> What the exercise asks
Every line below should be copied exactly; drop the pictures.

> Data
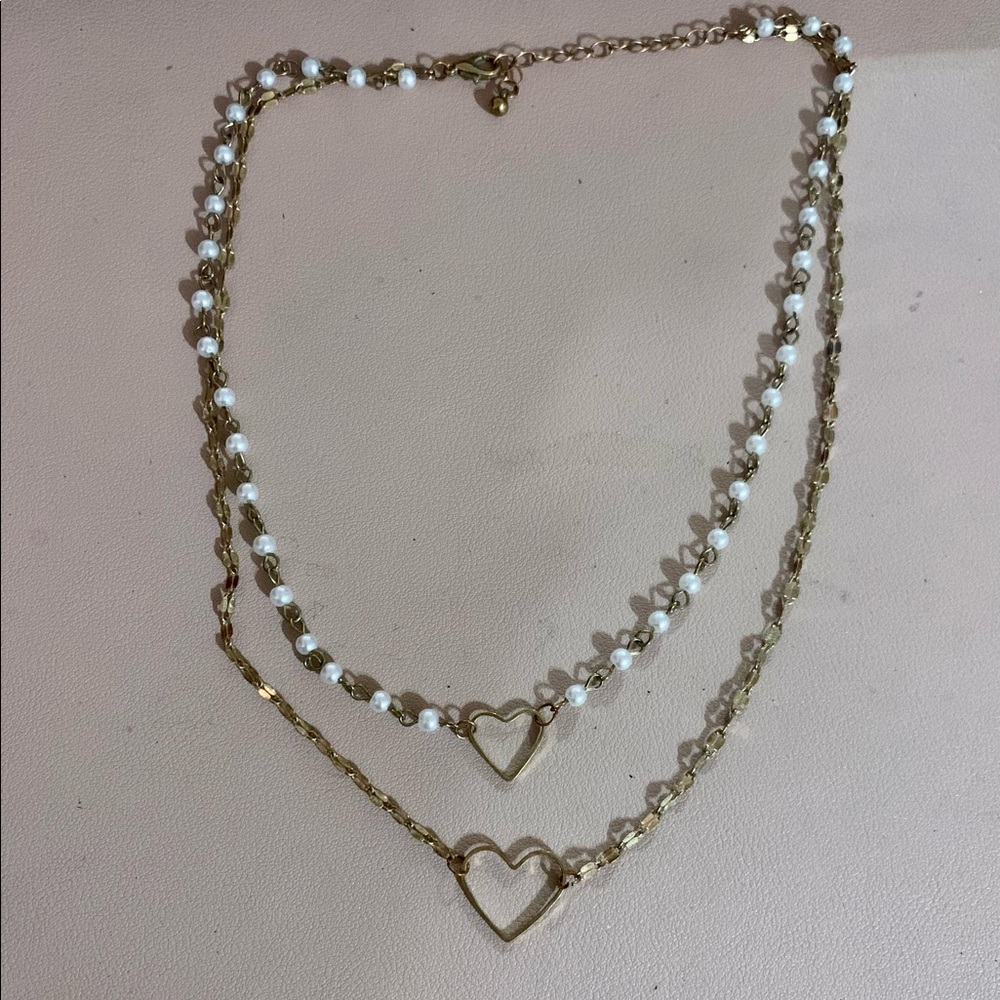 Heart charm pearl layered necklace
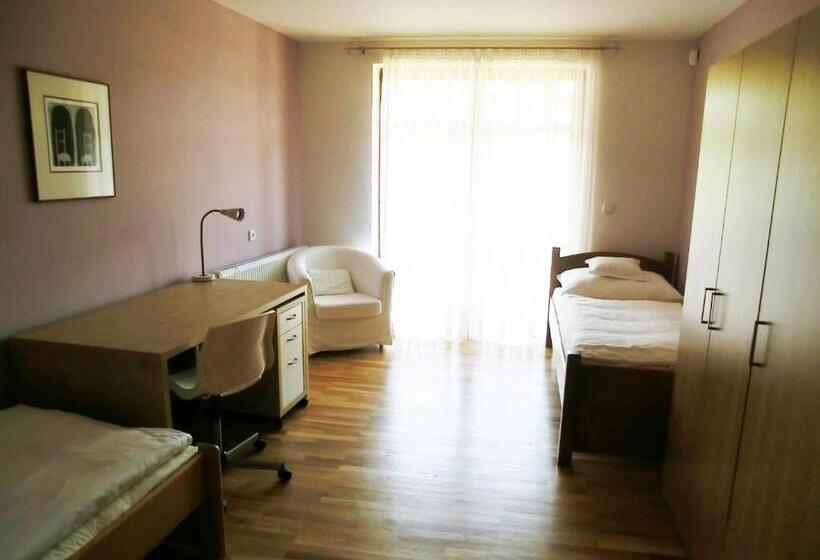 Апартаменты 3 Спальни, Pension Rondel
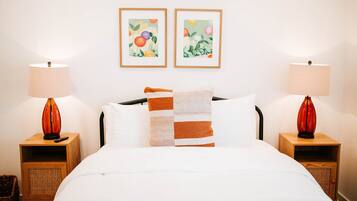 2 bedrooms, desk, iron/ironing board, WiFi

> Answer space
 Heart charm pearl layered necklace
 Апартаменты 3 Спальни, Pension Rondel
 2 bedrooms, desk, iron/ironing board, WiFi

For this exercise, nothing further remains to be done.